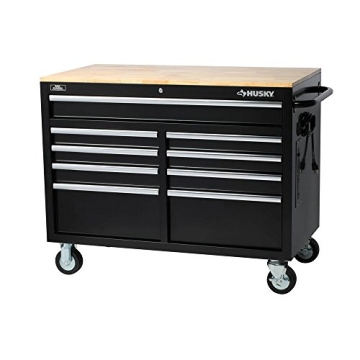 Husky Tools Workbench - Extra Deep 46 in. 9-Drawer Mobile with Wood Top, Black, 200 lb Capacity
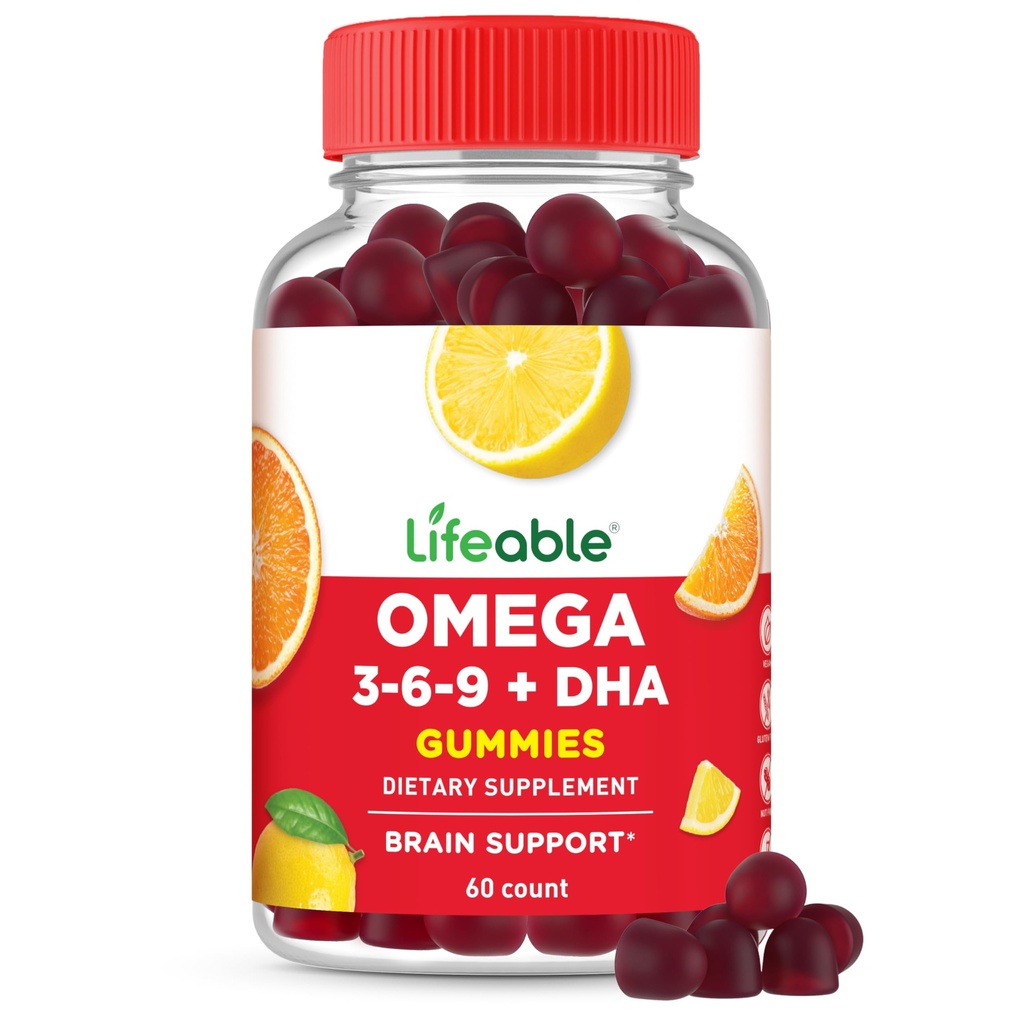 Lebendige Omega 3 6 9 Gummie | mit Vegan DHA Ergänzung | Fischöl Alternative aus Pflanzen basiertes Flaxseed Öl | Great Tasting Omega 3 Supplement | für Erwachsene, Männer & Frauen | 60 Gummie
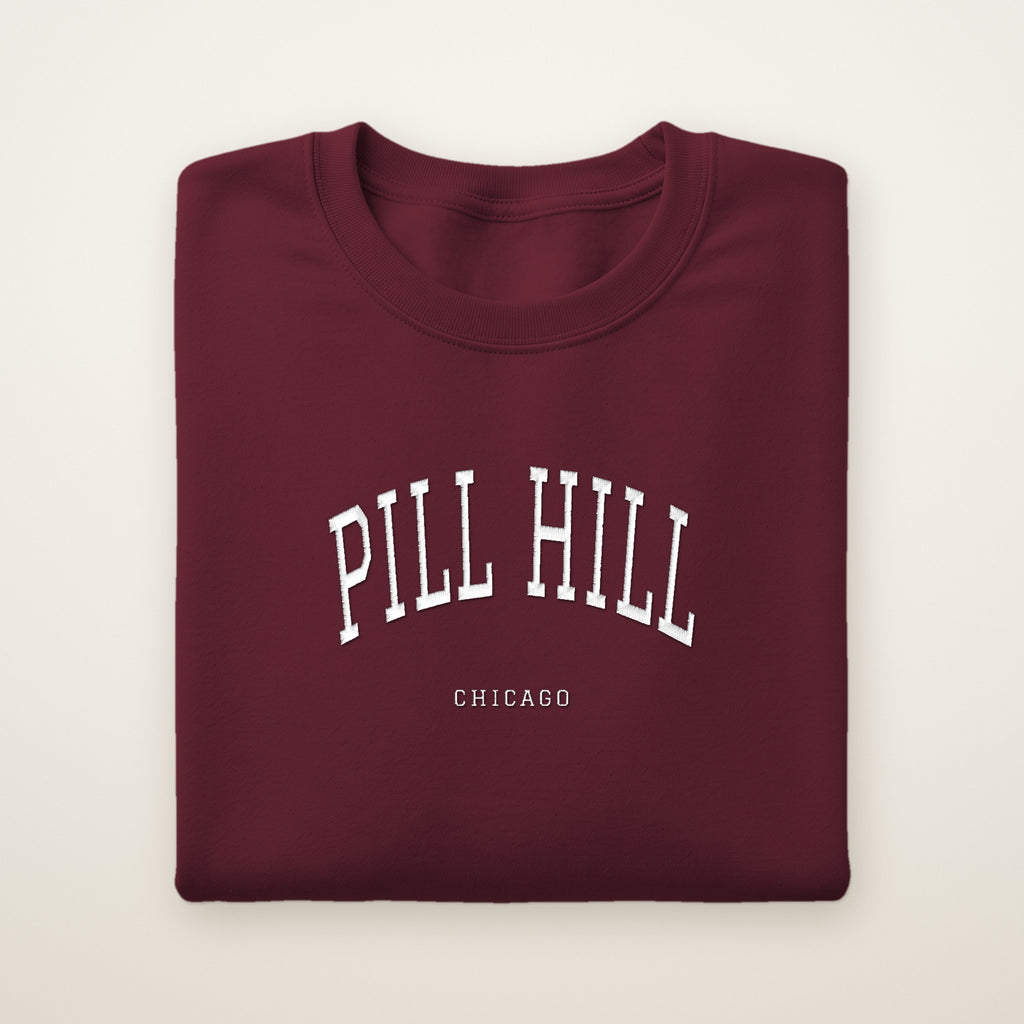 Pill Hill Chicago Embroidered Crewneck — White Thread on Maroon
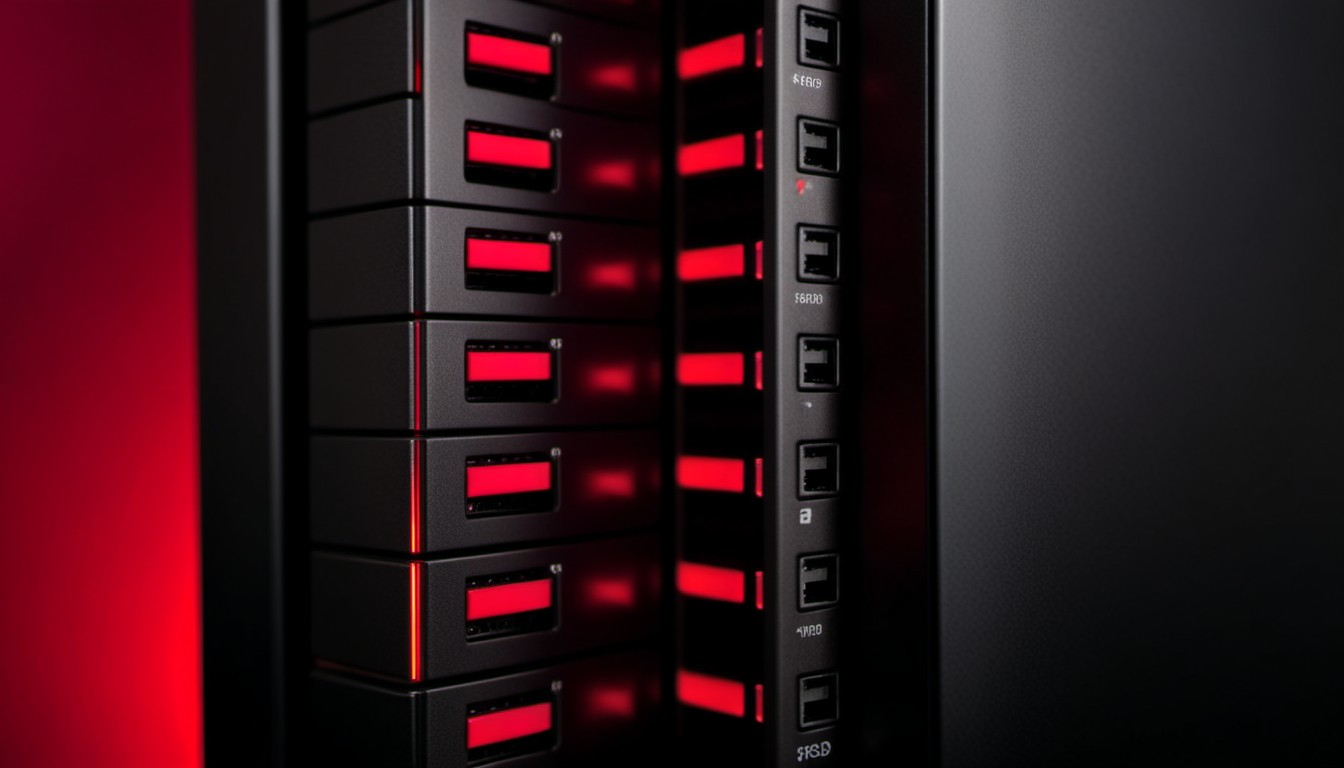 Enterprise Firewall-Appliance mit roten Status-LEDs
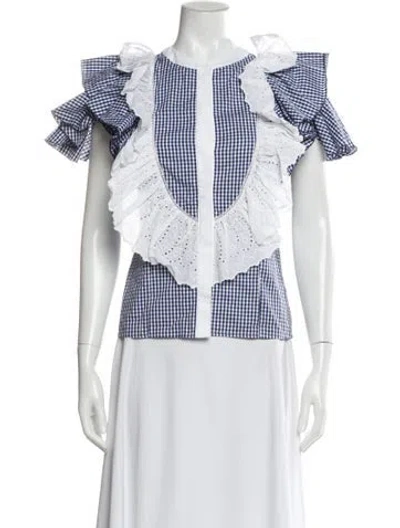 Pre-owned Loretta Caponi Plaid Print Short Sleeve Blouse In White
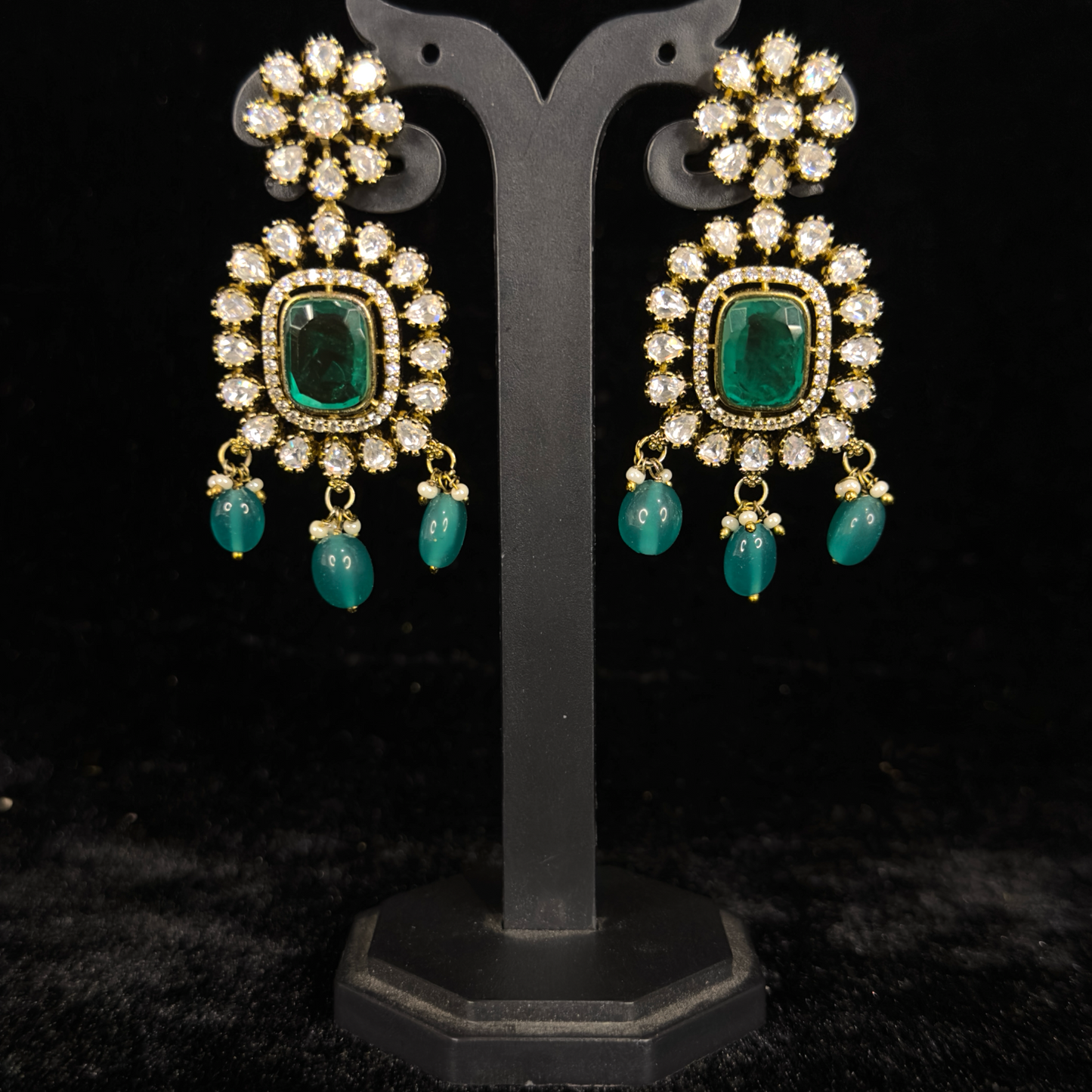Exquisite Victorian Polki Earrings with onyx beads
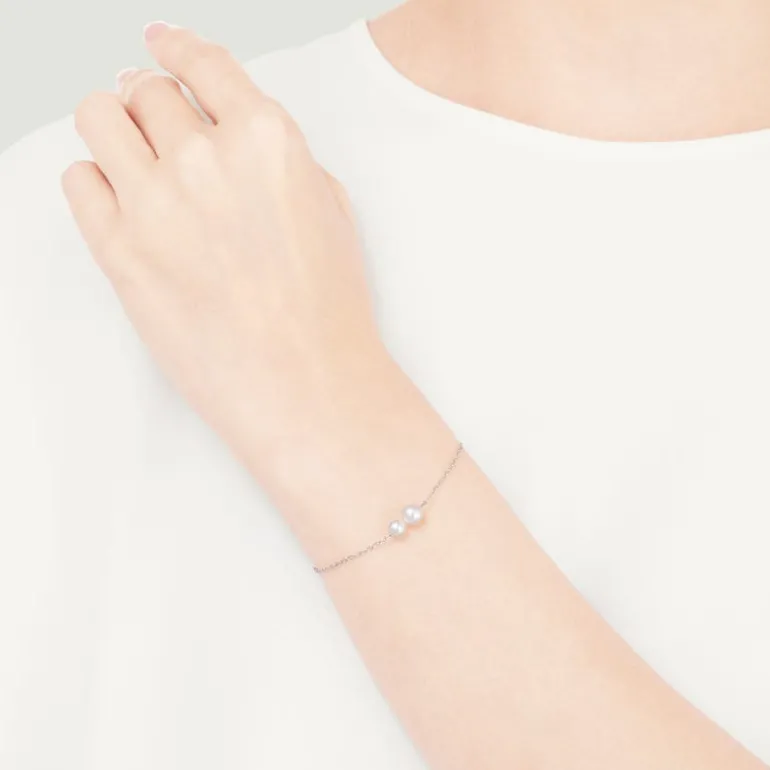 Akoya Cultured Pearl Station Bracelet in 18K White Gold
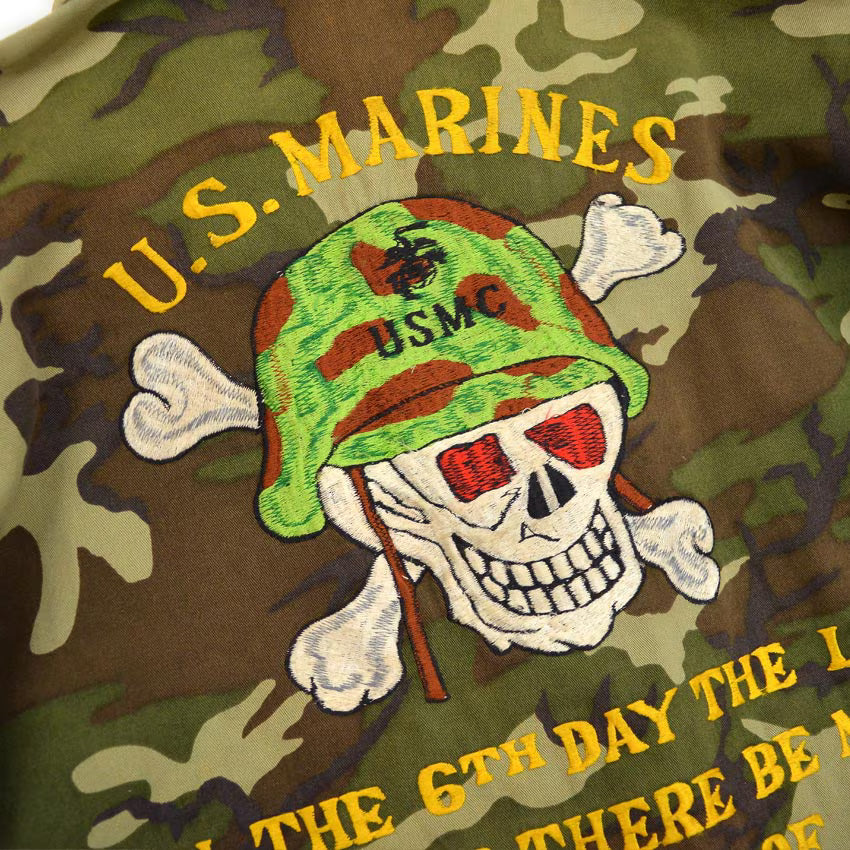 ~1970's USMC VIETNAM WAR SKULL EMBROIDERY TOUR JACKET...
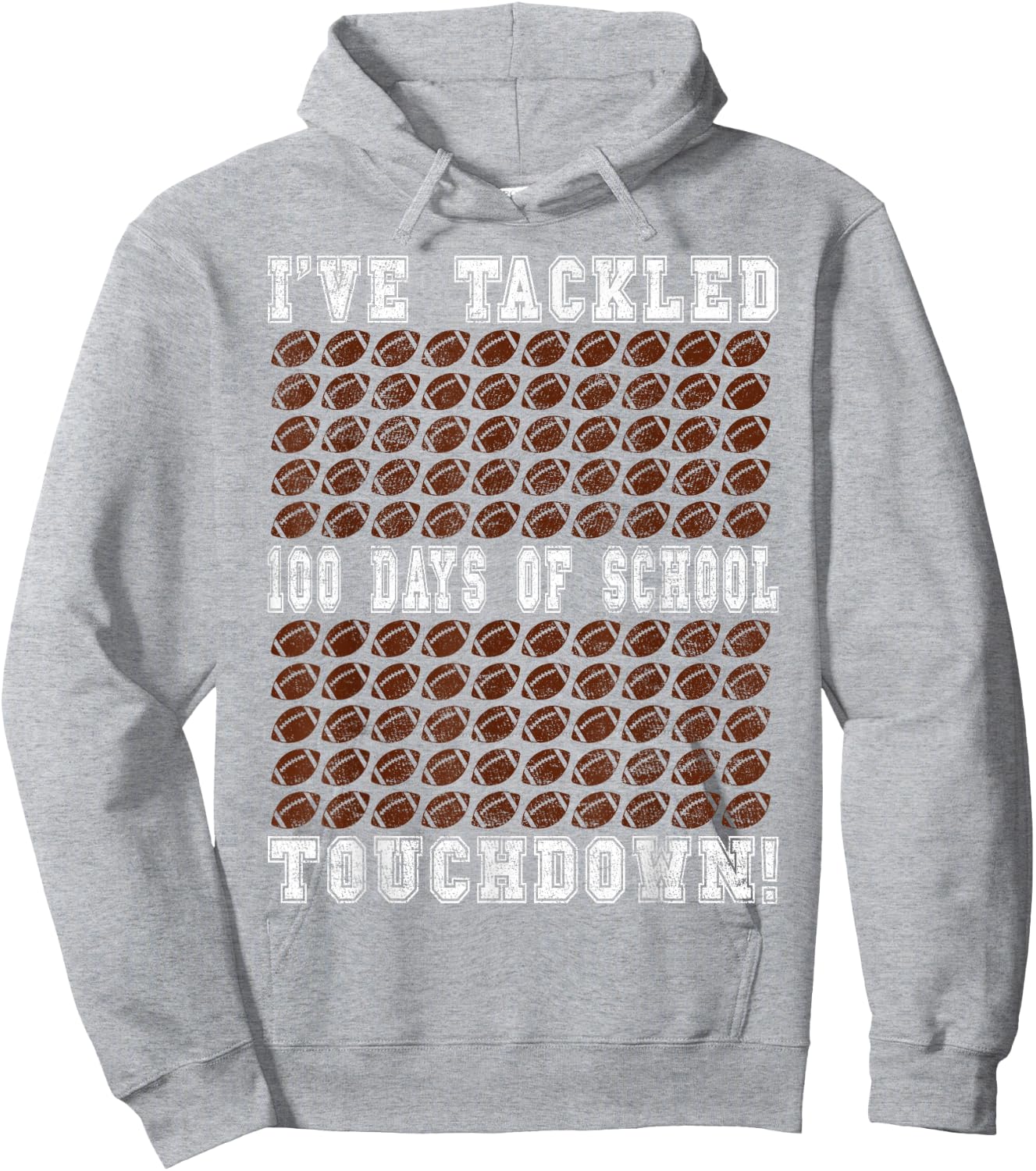 100 Days of School Party - Football 100th Day of School Hoodie - Hoodie | Ash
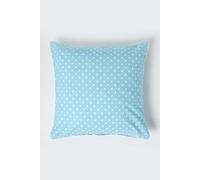HOMESCAPES - 100% Cotton - Polka Dots - Large Cushion Cover - 60 x 60 cm Square - 24 x 24 Inches - Blue White - 100% Cotton Sofa Pillow Cushion Cover - Washable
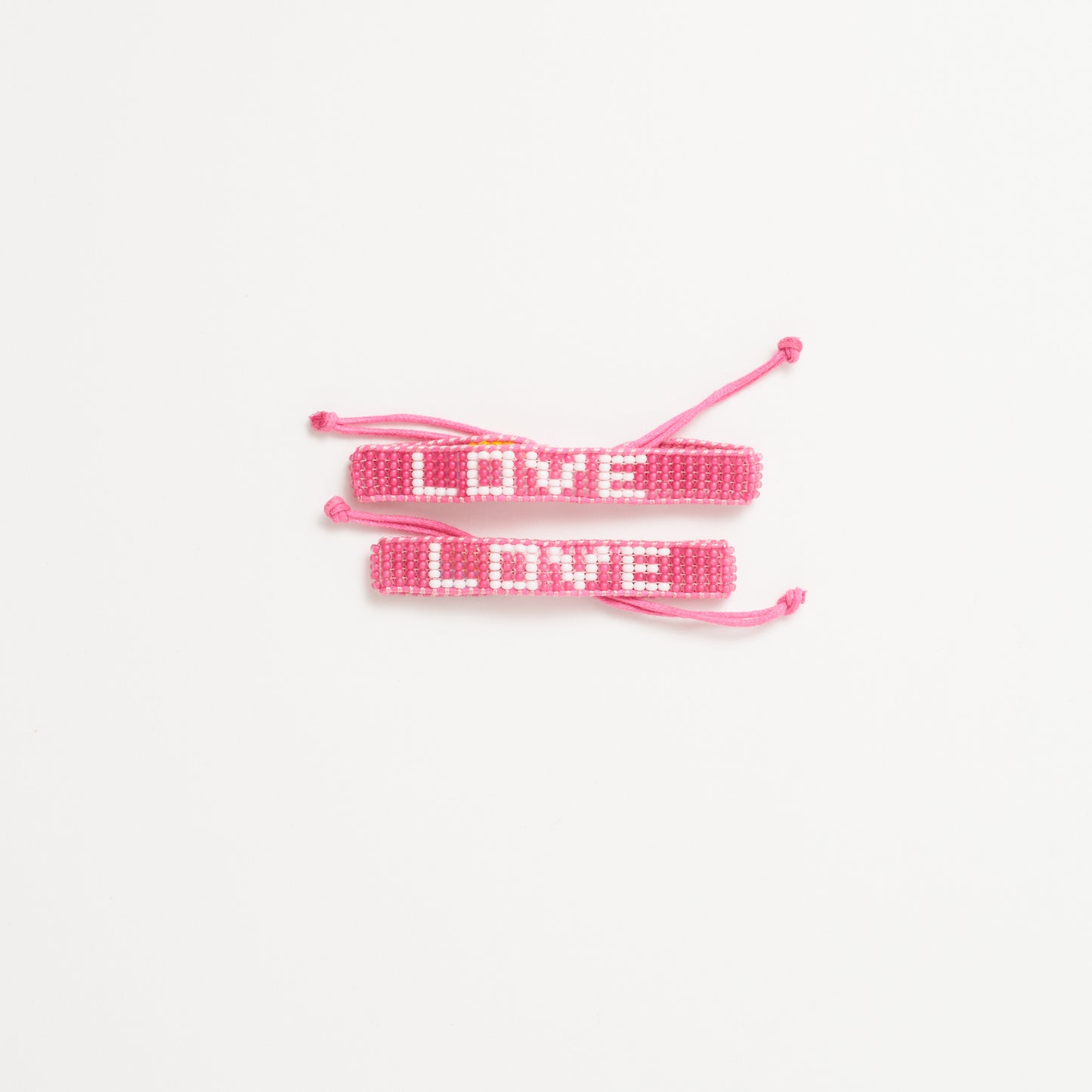 FINAL SALE: Big & Kid Woven LOVE Bracelet Pack - Pink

********************

_Task objective_: The response is to contain exactly the lines from the beginning of the data through the line containing "Akoya Cultured Pearl", both ends included, and nothing else; omit the pictures.

_Written response_:
 Husky Tools Workbench - Extra Deep 46 in. 9-Drawer Mobile with Wood Top, Black, 200 lb Capacity
 Lebendige Omega 3 6 9 Gummie | mit Vegan DHA Ergänzung | Fischöl Alternative aus Pflanzen basiertes Flaxseed Öl | Great Tasting Omega 3 Supplement | für Erwachsene, Männer & Frauen | 60 Gummie
 Pill Hill Chicago Embroidered Crewneck — White Thread on Maroon
 Enterprise Firewall-Appliance mit roten Status-LEDs
 Pre-owned Loretta Caponi Plaid Print Short Sleeve Blouse In White
Exquisite Victorian Polki Earrings with onyx beads
 Akoya Cultured Pearl Station Bracelet in 18K White Gold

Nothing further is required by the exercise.